▶ [What the task asks]
Reproduce exactly, leaving out pictures, each line from the one holding "Hyundai TUCSON SE" through the final line of the listing, and add nothing.

▶ [Dataset content]
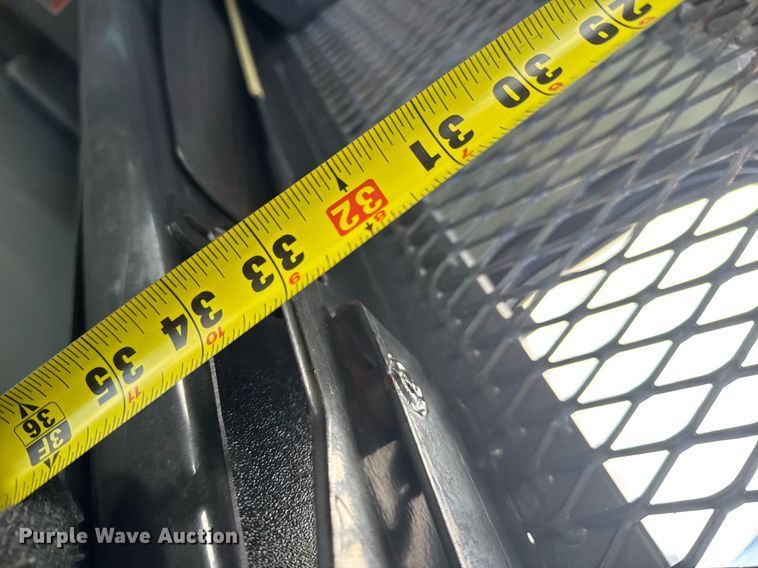 image for item NN9574 2001 Chevrolet Express 3500 shuttle bus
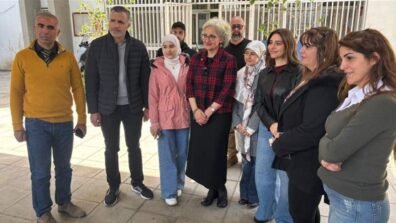 كرامي تتفقد مراكز إيواء النازحين في مدارس بئر حسن وتشيد بالتعاون بين الإدارات والشؤون الاجتماعية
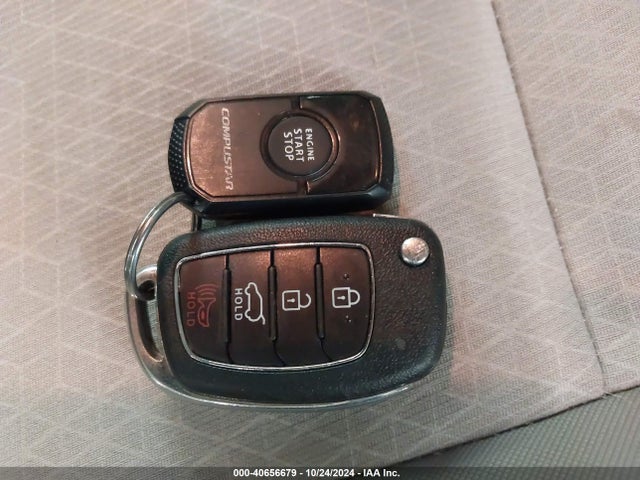 Hyundai TUCSON SE 2017 KM8J3CA46HU390374 Image 11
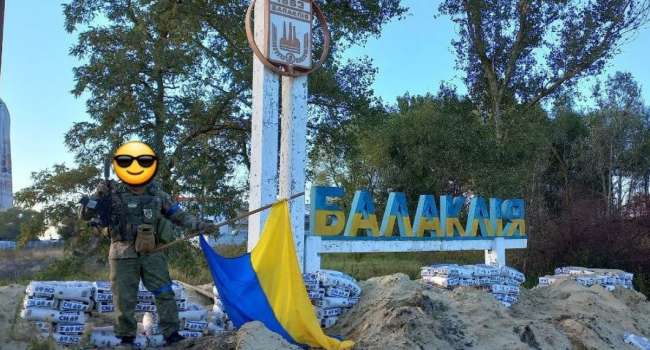 Впечатляющие видео из освобожденной Балаклеи: жители плачут от счастья и встречают ВСУ флагами Украины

▶ [Task output]
 Hyundai TUCSON SE 2017 KM8J3CA46HU390374 Image 11
 Впечатляющие видео из освобожденной Балаклеи: жители плачут от счастья и встречают ВСУ флагами Украины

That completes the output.